A House United, for Once
House unanimously passes its version of a budget
Seasoned legislators were scratching their heads: A little after 4am on April 19, the Texas House of Representatives passed its $178 billion version of the state budget 149-0, and no one could remember the last time the budget got a unanimous vote on third reading. House Appropriations Chair Jim Pitts, R-Waxahachie, said, "The story of that appropriations bill is not that we passed it out of the House on record numbers, it's that we passed it with the cooperation of members."
Throughout the 19-hour debate, the mood on the floor was generally upbeat. With 475 floor amendments filed, nobody expected to be in bed early. But the biggest argument was not about individual measures but whether to break for the night and come back in the morning. Instead, the House powered through ("More like lumbering through," Rep. Marc Veasey, D-Fort Worth, joked around hour 13). Part of the difference was that doomed measures, such as a ban on state funding for stem cell research, never made it to the floor. Pitts and Appropriations Vice Chair Richard Peña Raymond, D-Laredo, sat down with party caucus leaders the night before the debate to review amendments for legitimate points of order rather than waste time on floor challenges. Pitts praised the House for following that bipartisan lead in their conduct in the debate and added: "We would still be in there if we'd heard some of those amendments. We just had a lot of consensus on the floor, and that's the way it's supposed to be."
It was different last session, when the divided House passed House Bill 1 on third reading, 129-14. House Democratic Caucus Leader Jim Dunnam, D-Waco, gave some credit to Speaker Joe Straus' management style. "The members are working better together because the speaker is being more hands-off," he said, adding that while consensus-building can be a slow process, it was better than having former Speaker Tom Craddick fast-track unpopular amendments.

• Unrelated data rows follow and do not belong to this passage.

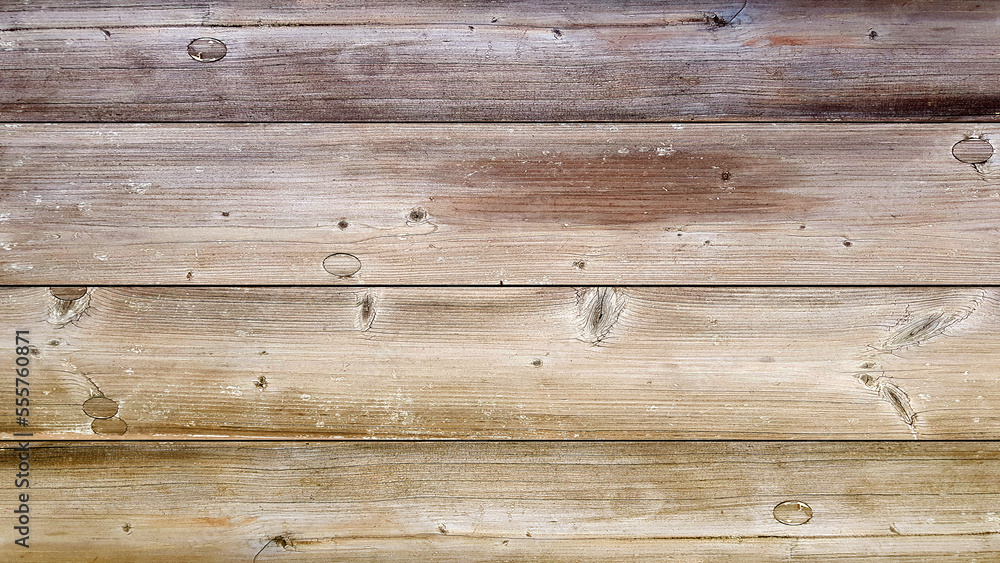 Fototapeta premium Top view of brown background wooden planks board texture.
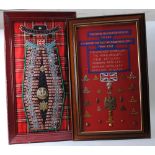 Framed Scots Guards 1660-1945 Campaign insignia display; Framed & glazed Titles of The Royal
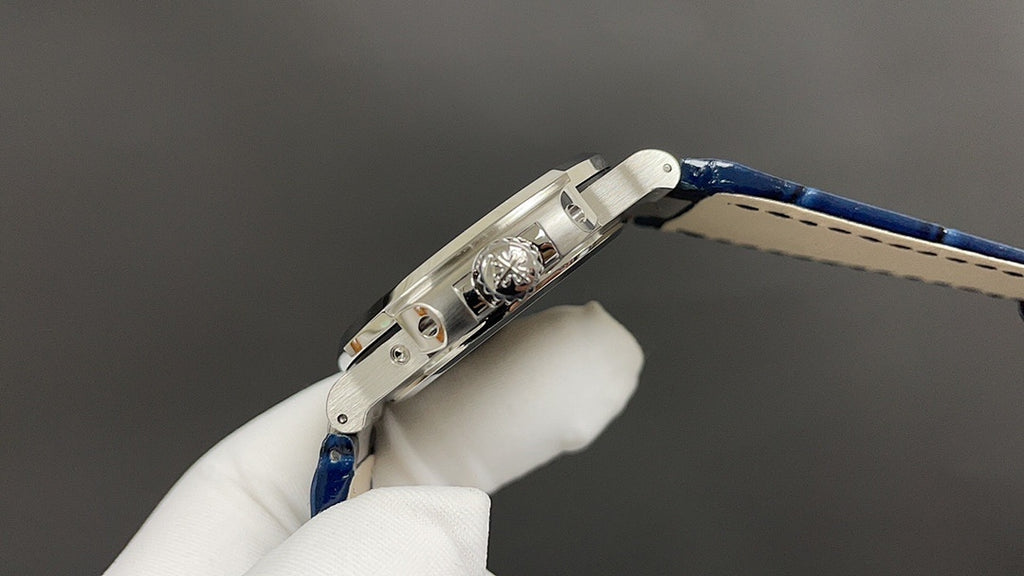 Patek Philippe watch crown side, stainless steel case and blue leather strap.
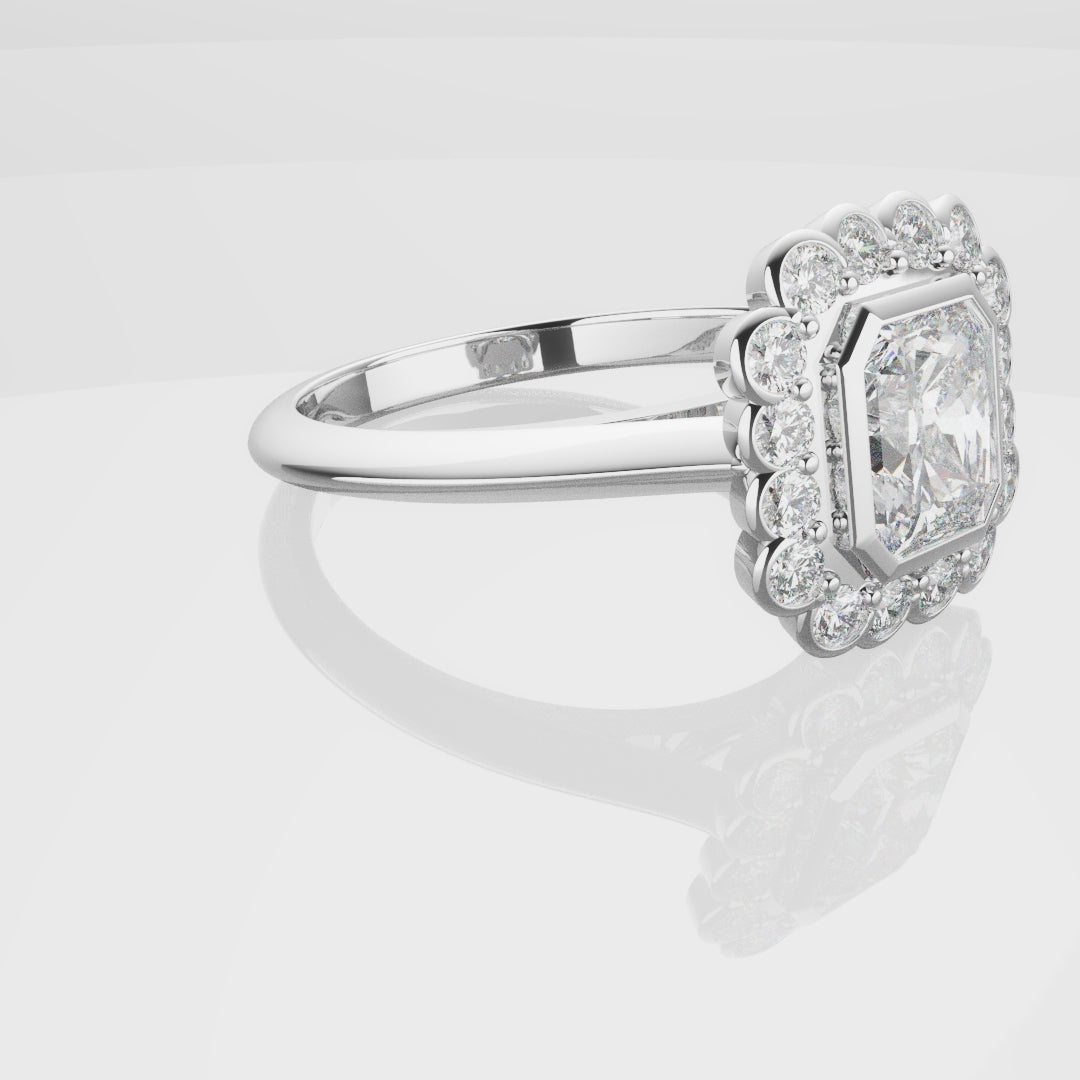 Radiant Cut Diamond Halo Engagement Ring With Rub-over Setting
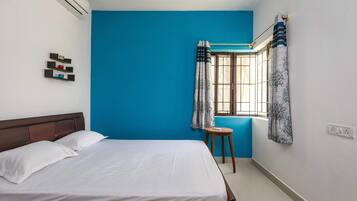 A room with a bed, a stool, a window with curtains, and an air conditioning unit.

Now the bill heads into conference committee to thrash out the differences between the House bill and the Senate's $182.2 billion version. But while it's Senate tradition to pass the budget unanimously, Senate members on April 1 only mustered a 26-5 vote. With the House unified on its numbers, that could affect negotiations. Pitts said, "I take it as a mandate from the House, and I hope that when we find out who the conferees are, that they will try to get as near as possible to what we have passed."